Öffentliche Aufträge sollen, wenn es nach den Bundesländern geht, wieder an diejenigen Anbieter gehen, die örtliche Tarifstandards und gegebenenfalls auch Mindestlöhne vorweisen können. Diese Vorgehensweise war vor dem Rüffert-Fall im April 2008, als der EuGH (Europäischer Gerichtshof) überraschend die Vorschriften der Tarifstandards des früheren niedersächsischen Vergabegesetzes als einen klaren Verstoß gegen die europäische Freiheit von Dienstleistungen wertete, gängige Praxis.

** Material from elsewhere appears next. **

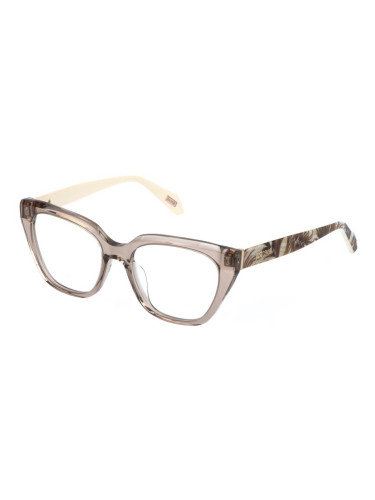 JUST CAVALLI VJC183V - 07AY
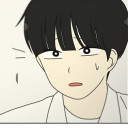 สมาชิกหมายเลข 4344989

Mit dem Rüffert-Fall beschlossen zehn Bundesländer, in denen Tariftreue-Gesetze existierten, die betreffenden Regelungen zu Tarifstandards auszusetzen. Laut des Tarifexperten Thorsten Schulten, sind die Bundesländer, wie Bremen, Berlin, Hamburg, Thüringen, Niedersachsen, Saarland, Brandenburg, Rheinland-Pfalz und Mecklenburg-Vorpommern, nun bereit, wieder Tariftreue-Regelungen einzuführen.

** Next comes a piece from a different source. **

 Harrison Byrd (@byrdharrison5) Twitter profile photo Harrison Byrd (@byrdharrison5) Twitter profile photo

Demnach würden mit rund zwei Drittel der gesamten Bundesländer mehr Tarifstandards eingeführt werden als vor dem EuGH-Urteil, so die Prognose von Schulten. Um eine europarechtskonforme Gestaltung der Tariftreue-Regelungen zu ermöglichen, werden von den Bundesländern drei wesentliche Faktoren berücksichtigt:

  1. Einführung von Mindestlöhnen laut des Entsendegesetzes:

    Für Branchen, die unter das Arbeitnehmer-Entsendegesetz (AEntG) fallen, gilt es zu beachten, dass öffentliche Aufträge nur an Unternehmen vergeben werden, die akzeptable Mindestlöhne vorweisen können.
  2. Sonderregel im Verkehr:

    Für den Verkehrssektor wird eine umfassende Erklärung zur Tariftreue verlangt, die sich in der Regel auf den jeweiligen Tarifvertrag bezieht.
  3. Vergabespezifischer Mindestlohn:

    Unternehmen können nur dann einen öffentlichen Auftrag erhalten, wenn für die Beschäftigten ein vergabespezifischer Mindestlohn gezahlt wird. Demnach kann ein Unternehmen in Berlin nur dann einen Auftrag erhalten, wenn die dort angestellten Beschäftigten einen Mindestlohn von 7,50 Euro pro Stunde erhalten.